▸ Exercise:
The entire listing, reproduced exactly and stripped of images, is the expected output.

:: Input data

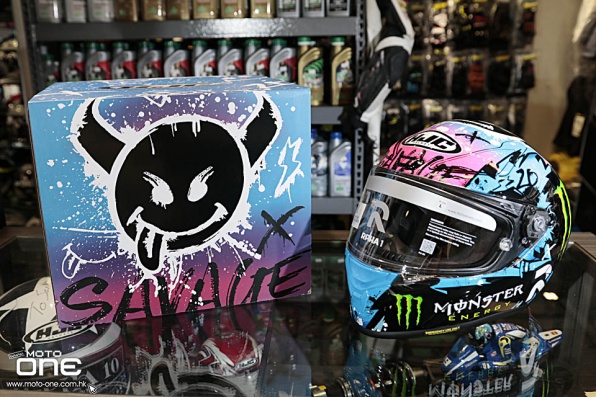 YAMAHA MotoGP廠手法比奧-HJC RPHA1主場塗鴉風格拉花頭盔抵港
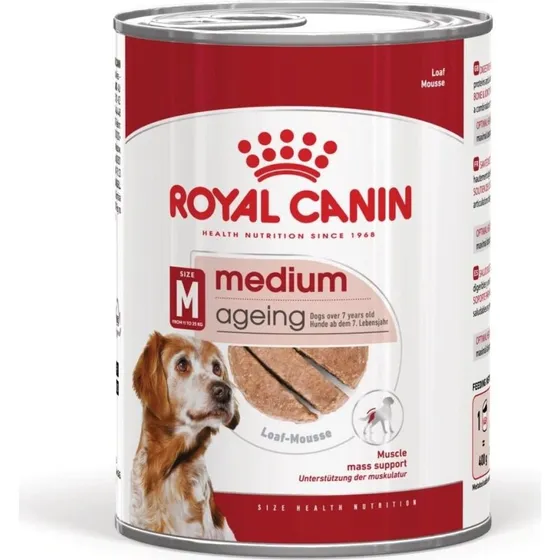 Royal Canin Medium Ageing Loaf Vådfoder til Senior Hund - 410 g
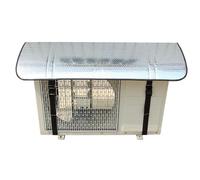 Climatiseur pour unités extérieures - Couverture CA en aluminium avec sangle réglable | Protection centrale de la climatisation, protection de l'unité extérieure, défen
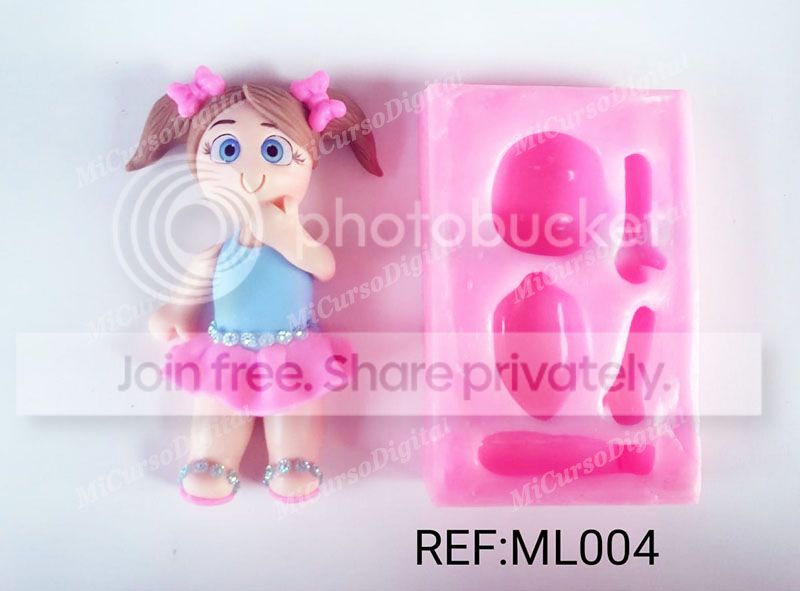 Molde silicona munecas para mugs pocillo y llaveros y artesanías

::::

▸ Response below:
 YAMAHA MotoGP廠手法比奧-HJC RPHA1主場塗鴉風格拉花頭盔抵港
 Royal Canin Medium Ageing Loaf Vådfoder til Senior Hund - 410 g
 Climatiseur pour unités extérieures - Couverture CA en aluminium avec sangle réglable | Protection centrale de la climatisation, protection de l'unité extérieure, défen
 Molde silicona munecas para mugs pocillo y llaveros y artesanías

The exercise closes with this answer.